Every organization buys goods and services, technology, professional support, materials, and more. Done well, procurement delivers value, reliability, and compliance. Done poorly, it creates hidden costs, delays, disputes, and reputational risk. This guide highlights 5 practical priorities that help in-house legal, compliance, and procurement teams run a process that is defensible, efficient, and outcome-focused.
1) Build a fair, transparent process
A consistent, documented procurement process reduces the risk of challenges from unsuccessful bidders and helps prevent fraud, bribery, and conflicts of interest. Key building blocks include a board-mandated procurement policy, up-to-date procurement documentation, conflict-of-interest declarations for participants, and training for anyone involved in procurements.
2) Define what you’re buying, clearly and measurably
If the business can’t articulate what it needs, why it needs it, and how success will be measured, legal and procurement teams can’t effectively allocate risk or enforce performance. Strong project initiation and clear service levels, performance indicators, and supplier Q&A processes help ensure suppliers bid on the same understanding of the requirement.
3) Get to the “true price,” not just the sticker price
Lowest cost rarely equals best value. Procurement should evaluate lifetime cost (maintenance, running costs, licensing, financing, disposal), avoid restrictive ordering structures, and manage price increases with clear mechanisms (caps, index-linking, and change control). This is how you prevent “bargains” from turning into budget blowouts
4) Treat timing as a risk factor—not a schedule detail
Timing affects supplier participation, evaluation quality, and delivery success. Before launching, consider whether it’s the right moment (political, economic, regulatory, and technology factors). Then set realistic procurement and delivery timetables with milestones, acceptance criteria, and consequences for delays, plus a clear method for documenting any changes.

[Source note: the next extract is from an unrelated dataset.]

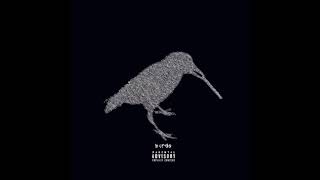 Birds In The Trap Film - The Ends Official Instrumental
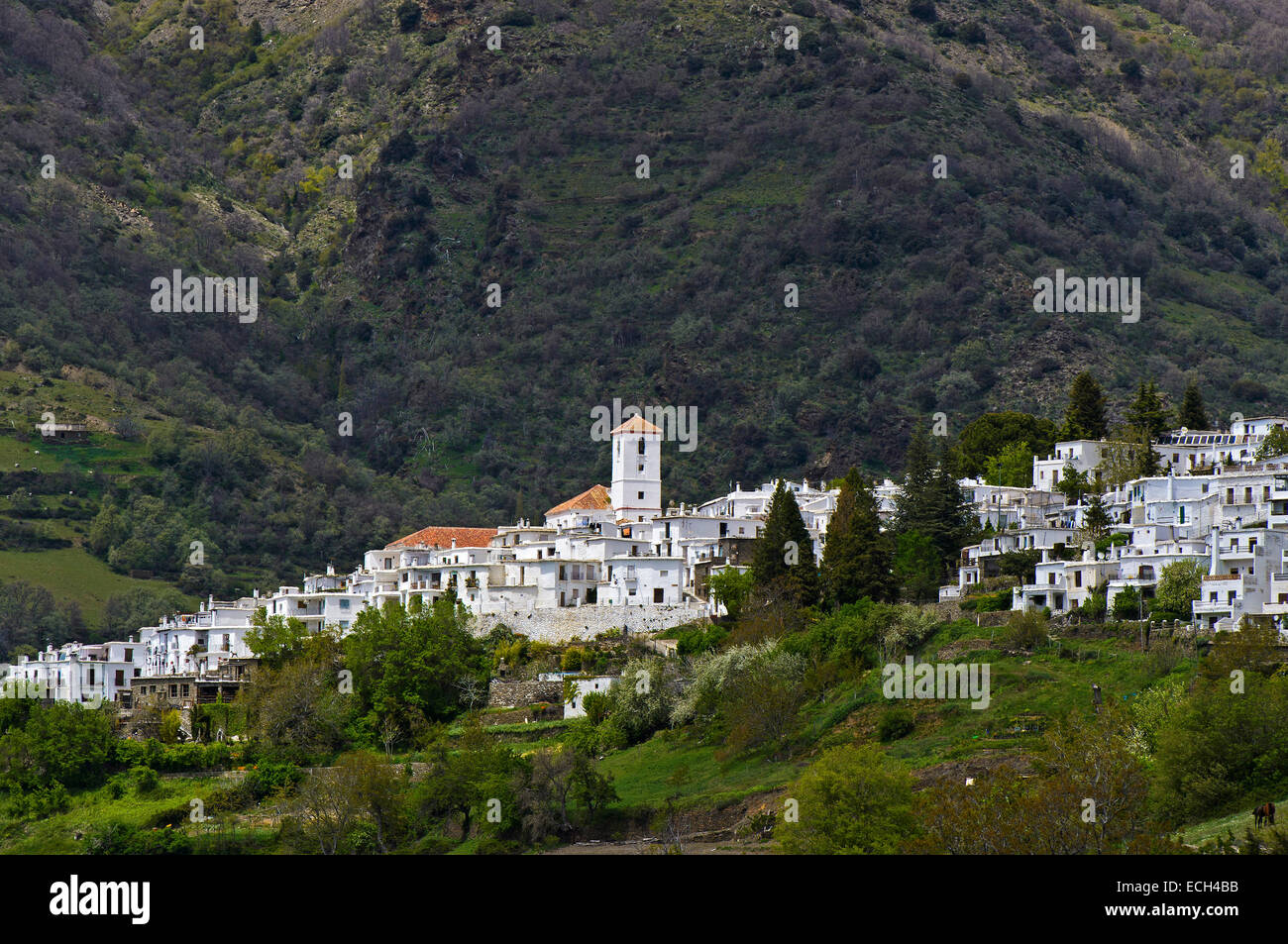 Village of Capileira, Alpujarras region, Andalusia, Spain Stock Photo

5) Choose the right supplier, not just the cheapest
Supplier selection should test financial stability, delivery capability, resilience (continuity, supply chain, logistics), and flexibility in response to changing demand. References and site visits can reveal real-world performance. Cultural fit matters too because long-term relationships fail when expectations and ways of working don’t align.
Don’t skip the final steps
After selection, ensure the contract aligns with the deal, internal approvals are followed, signatures are obtained before work starts, invoicing runs smoothly, and contract management is set up to keep performance on track.